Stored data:

>>>>

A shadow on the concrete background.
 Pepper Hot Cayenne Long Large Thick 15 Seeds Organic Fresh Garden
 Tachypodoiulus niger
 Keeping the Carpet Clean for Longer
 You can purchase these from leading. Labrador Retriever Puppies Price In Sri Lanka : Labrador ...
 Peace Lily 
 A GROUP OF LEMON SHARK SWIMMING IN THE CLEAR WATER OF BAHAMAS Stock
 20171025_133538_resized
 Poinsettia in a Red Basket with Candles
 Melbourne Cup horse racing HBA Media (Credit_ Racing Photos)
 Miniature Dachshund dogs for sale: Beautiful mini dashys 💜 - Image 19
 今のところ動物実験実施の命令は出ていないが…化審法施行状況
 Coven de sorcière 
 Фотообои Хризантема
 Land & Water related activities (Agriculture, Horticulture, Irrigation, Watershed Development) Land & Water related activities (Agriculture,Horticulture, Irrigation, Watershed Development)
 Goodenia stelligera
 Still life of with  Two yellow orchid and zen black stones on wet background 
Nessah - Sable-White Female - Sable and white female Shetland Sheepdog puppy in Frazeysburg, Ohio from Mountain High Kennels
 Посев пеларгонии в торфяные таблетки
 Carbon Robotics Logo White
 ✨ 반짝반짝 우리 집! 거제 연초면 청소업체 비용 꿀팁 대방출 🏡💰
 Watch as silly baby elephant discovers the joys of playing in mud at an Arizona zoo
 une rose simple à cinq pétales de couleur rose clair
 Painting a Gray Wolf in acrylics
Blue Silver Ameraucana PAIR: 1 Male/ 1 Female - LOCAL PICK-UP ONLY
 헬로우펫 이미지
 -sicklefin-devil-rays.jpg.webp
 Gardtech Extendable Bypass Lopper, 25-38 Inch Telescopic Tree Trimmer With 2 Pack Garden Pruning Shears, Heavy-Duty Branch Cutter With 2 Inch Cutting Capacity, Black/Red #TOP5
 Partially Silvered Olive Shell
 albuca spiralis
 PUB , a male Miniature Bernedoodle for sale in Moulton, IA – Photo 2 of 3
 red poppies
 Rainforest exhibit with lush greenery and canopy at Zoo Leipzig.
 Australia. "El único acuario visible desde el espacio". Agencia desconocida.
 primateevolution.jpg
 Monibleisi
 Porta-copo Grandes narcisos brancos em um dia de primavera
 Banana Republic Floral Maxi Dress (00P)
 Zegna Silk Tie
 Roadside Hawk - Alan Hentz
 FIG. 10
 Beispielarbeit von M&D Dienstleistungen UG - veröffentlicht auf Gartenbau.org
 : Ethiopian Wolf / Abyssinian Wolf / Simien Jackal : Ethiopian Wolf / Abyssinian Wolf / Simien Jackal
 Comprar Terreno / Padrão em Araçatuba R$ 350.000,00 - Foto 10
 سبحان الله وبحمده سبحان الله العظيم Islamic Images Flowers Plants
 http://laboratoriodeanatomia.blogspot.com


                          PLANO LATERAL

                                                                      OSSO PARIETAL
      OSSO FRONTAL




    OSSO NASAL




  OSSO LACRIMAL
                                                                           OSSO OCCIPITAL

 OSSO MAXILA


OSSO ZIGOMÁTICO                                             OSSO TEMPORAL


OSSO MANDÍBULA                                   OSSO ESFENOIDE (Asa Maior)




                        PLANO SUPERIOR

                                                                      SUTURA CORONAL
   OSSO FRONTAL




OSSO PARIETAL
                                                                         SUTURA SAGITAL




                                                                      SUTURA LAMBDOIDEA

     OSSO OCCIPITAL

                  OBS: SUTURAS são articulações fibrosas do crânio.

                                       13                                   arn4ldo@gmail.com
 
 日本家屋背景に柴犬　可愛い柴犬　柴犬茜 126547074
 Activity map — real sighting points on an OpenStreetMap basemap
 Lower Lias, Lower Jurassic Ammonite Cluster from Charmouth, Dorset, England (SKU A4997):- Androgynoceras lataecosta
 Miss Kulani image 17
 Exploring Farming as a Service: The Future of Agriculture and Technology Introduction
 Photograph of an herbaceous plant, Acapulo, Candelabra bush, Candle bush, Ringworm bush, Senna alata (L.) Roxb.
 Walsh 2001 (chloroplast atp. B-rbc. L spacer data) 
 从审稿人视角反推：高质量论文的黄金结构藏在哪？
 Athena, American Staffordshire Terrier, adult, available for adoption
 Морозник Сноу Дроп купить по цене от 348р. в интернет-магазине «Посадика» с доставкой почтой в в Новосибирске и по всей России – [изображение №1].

<<<<

Line by line, set the records above down again exactly.

A shadow on the concrete background.
 Pepper Hot Cayenne Long Large Thick 15 Seeds Organic Fresh Garden
 Tachypodoiulus niger
 Keeping the Carpet Clean for Longer
 You can purchase these from leading. Labrador Retriever Puppies Price In Sri Lanka : Labrador ...
 Peace Lily 
 A GROUP OF LEMON SHARK SWIMMING IN THE CLEAR WATER OF BAHAMAS Stock
 20171025_133538_resized
 Poinsettia in a Red Basket with Candles
 Melbourne Cup horse racing HBA Media (Credit_ Racing Photos)
 Miniature Dachshund dogs for sale: Beautiful mini dashys 💜 - Image 19
 今のところ動物実験実施の命令は出ていないが…化審法施行状況
 Coven de sorcière 
 Фотообои Хризантема
 Land & Water related activities (Agriculture, Horticulture, Irrigation, Watershed Development) Land & Water related activities (Agriculture,Horticulture, Irrigation, Watershed Development)
 Goodenia stelligera
 Still life of with  Two yellow orchid and zen black stones on wet background 
Nessah - Sable-White Female - Sable and white female Shetland Sheepdog puppy in Frazeysburg, Ohio from Mountain High Kennels
 Посев пеларгонии в торфяные таблетки
 Carbon Robotics Logo White
 ✨ 반짝반짝 우리 집! 거제 연초면 청소업체 비용 꿀팁 대방출 🏡💰
 Watch as silly baby elephant discovers the joys of playing in mud at an Arizona zoo
 une rose simple à cinq pétales de couleur rose clair
 Painting a Gray Wolf in acrylics
Blue Silver Ameraucana PAIR: 1 Male/ 1 Female - LOCAL PICK-UP ONLY
 헬로우펫 이미지
 -sicklefin-devil-rays.jpg.webp
 Gardtech Extendable Bypass Lopper, 25-38 Inch Telescopic Tree Trimmer With 2 Pack Garden Pruning Shears, Heavy-Duty Branch Cutter With 2 Inch Cutting Capacity, Black/Red #TOP5
 Partially Silvered Olive Shell
 albuca spiralis
 PUB , a male Miniature Bernedoodle for sale in Moulton, IA – Photo 2 of 3
 red poppies
 Rainforest exhibit with lush greenery and canopy at Zoo Leipzig.
 Australia. "El único acuario visible desde el espacio". Agencia desconocida.
 primateevolution.jpg
 Monibleisi
 Porta-copo Grandes narcisos brancos em um dia de primavera
 Banana Republic Floral Maxi Dress (00P)
 Zegna Silk Tie
 Roadside Hawk - Alan Hentz
 FIG. 10
 Beispielarbeit von M&D Dienstleistungen UG - veröffentlicht auf Gartenbau.org
 : Ethiopian Wolf / Abyssinian Wolf / Simien Jackal : Ethiopian Wolf / Abyssinian Wolf / Simien Jackal
 Comprar Terreno / Padrão em Araçatuba R$ 350.000,00 - Foto 10
 سبحان الله وبحمده سبحان الله العظيم Islamic Images Flowers Plants
 http://laboratoriodeanatomia.blogspot.com


                          PLANO LATERAL

                                                                      OSSO PARIETAL
      OSSO FRONTAL




    OSSO NASAL




  OSSO LACRIMAL
                                                                           OSSO OCCIPITAL

 OSSO MAXILA


OSSO ZIGOMÁTICO                                             OSSO TEMPORAL


OSSO MANDÍBULA                                   OSSO ESFENOIDE (Asa Maior)




                        PLANO SUPERIOR

                                                                      SUTURA CORONAL
   OSSO FRONTAL




OSSO PARIETAL
                                                                         SUTURA SAGITAL




                                                                      SUTURA LAMBDOIDEA

     OSSO OCCIPITAL

                  OBS: SUTURAS são articulações fibrosas do crânio.

                                       13                                   arn4ldo@gmail.com
 
 日本家屋背景に柴犬　可愛い柴犬　柴犬茜 126547074
 Activity map — real sighting points on an OpenStreetMap basemap
 Lower Lias, Lower Jurassic Ammonite Cluster from Charmouth, Dorset, England (SKU A4997):- Androgynoceras lataecosta
 Miss Kulani image 17
 Exploring Farming as a Service: The Future of Agriculture and Technology Introduction
 Photograph of an herbaceous plant, Acapulo, Candelabra bush, Candle bush, Ringworm bush, Senna alata (L.) Roxb.
 Walsh 2001 (chloroplast atp. B-rbc. L spacer data) 
 从审稿人视角反推：高质量论文的黄金结构藏在哪？
 Athena, American Staffordshire Terrier, adult, available for adoption
 Морозник Сноу Дроп купить по цене от 348р. в интернет-магазине «Посадика» с доставкой почтой в в Новосибирске и по всей России – [изображение №1].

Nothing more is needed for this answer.